Saving the azure clarity of California's Lake Tahoe
San Francisco
World-renowned Lake Tahoe - the sky-blue, mountain-girt body of water that straddles the California-Nevada border - has been given a new lease on life.
So have efforts to mesh scientific research with the political process to preserve precious natural areas, say participants in a procedure that culminated in an agreement aimed at preserving Tahoe's famous clarity.
For Dr. Charles Goldman of the University of California at Davis, the Aug. 26 decision of the Tahoe Regional Planning Agency was the payoff on 23 years of devoted research. Limnologist Goldman, director of the Tahoe Research Group, says deterioration of the lake environment has become more rapid in recent years. Algal growth has become ''exponential,'' he explains, and the prized transparency of Tahoe's water is being lost at a rate of one-half meter a year.
Strong resistance - especially by Nevada members of the planning agency - to putting strictures on building and other environmentally risky activities finally gave way to Goldman's warning, based on scientific data, that Tahoe is fast becoming ''an ordinary lake.''
Huey Johnson, California secretary for natural resources, hailed the new environmental standards as ''a monumental victory'' because it requires that scientific evidence be used when determining how much development may take place in the basin. If the Tahoe agreement is successfully implemented, he asserted, it will ''be an environmental model for the rest of the world.''
Goldman termed the Lake Tahoe Basin ''a microcosm for pollution problems'' and a rare instance of successfully ''applying science to a political situation.''
Political realists predicted that the recent meeting of the Tahoe Regional Planning Agency - with seven representatives each from California and Nevada appointed by the state governors - would not even come near to agreeing on environmental ''thresholds'' (minimum standards). For many years, the membership from both states was heavily development-oriented. Recently, especially during the administration of Gov. Edmund G. Brown Jr., a majority of the California delegation has favored strong environmental protection. But within the past year Nevada Gov. Robert List appointed two members known to be linked to development forces.

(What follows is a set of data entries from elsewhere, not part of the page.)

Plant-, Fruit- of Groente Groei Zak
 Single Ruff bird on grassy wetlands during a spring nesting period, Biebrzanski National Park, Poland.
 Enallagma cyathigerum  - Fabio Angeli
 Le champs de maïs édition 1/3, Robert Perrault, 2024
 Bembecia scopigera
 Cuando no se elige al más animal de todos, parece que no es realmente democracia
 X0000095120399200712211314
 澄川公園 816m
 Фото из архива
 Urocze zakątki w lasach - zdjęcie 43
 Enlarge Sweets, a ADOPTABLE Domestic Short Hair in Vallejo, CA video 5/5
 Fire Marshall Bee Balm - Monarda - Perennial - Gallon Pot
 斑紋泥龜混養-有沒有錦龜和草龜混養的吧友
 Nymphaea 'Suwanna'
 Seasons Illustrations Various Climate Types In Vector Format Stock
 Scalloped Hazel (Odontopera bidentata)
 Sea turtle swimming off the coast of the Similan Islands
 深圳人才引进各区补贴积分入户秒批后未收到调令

With a majority vote of each state's members required to approve the proposed new standards, the expectation was that Nevada would block the plan. But the pressure of public opinion, manifested in such groups as the League to Save Lake Tahoe, and reportedly some urging from the White House, apparently brought around a Nevada majority.
Also, say Goldman and Johnson, even the most pro-development people have come to realize they could spoil a good thing commercially by despoiling the lake.
Among the more significant thresholds:
* Water clarity - 33.4 meters during the December-March period (when there is the least intrusion of pollutants, explains Goldman). This means that a white, plate-sized disk can be clearly seen at that depth. The limnologist points out that the lake has lost 25 percent of its relative transparency in the last 15 years.
* Introduction of nutrients into water - 52 grams per square inch per year. These nutrients, the result of clearing land for development, fertilizing plants and golf courses, and other activities, are chiefly responsible for algae growth. Goldman recalls: ''My most significant contribution up to now was convincing people not to put sewage into the basin. This (which happened in 1963 ) gave the lake a breathing spell.'' Most waste now goes into sewers that take it out of the Tahoe Basin.
* Air quality - carbon dioxide is to be limited to 9 parts per million in an eight-hour period. A visibility standard has been set - 103 miles at least 50 percent of the time. The once-pristine air now is affected by the exhausts of autos driven by the 50,000 year-round residents and the 300,000 visitors that come into the area on peak days in both summer and winter.
* Development - each proposal will be reviewed for conformity to the threshold standards. In effect at present is a five-year state compact under which each proposal will be reviewed for compliance with the new standards. The compact expires in August 1983.
Other factors covered by the agreement include: fisheries and wildlife, noise , recreation, scenic resources, soil conservation, water quality, and vegetation.
Goldman says a good deal of the damage to the lake can be undone, but it will take many years. Lake Tahoe naturally drains slowly (its ''retention time'' is 700 years), and a flow-control dam now keeps its level from dropping below a minimum. ''Most important,'' he emphasizes, ''is to stop progressive deterioration.''
Helping guarantee that the agreement will be carried out, he explains, is an interagency monitoring program developed within the last two years. The data produced by the Goldman team will thus be made available to local, state, and federal agencies with ''enforcement authority.''
The most important effect of the new agreement, in Goldman's view, is that it ''provides the political muscle to begin corrective action and phase out construction on the steep slopes'' around Lake Tahoe.
Aiding this new initiative to protect Lake Tahoe is a land-acquisition plan announced earlier this year by the US Forest Service. Possibly by the end of this year, the Forest Service will begin buying some 21,000 acres of ''enviromentally sensitive'' land in the basin.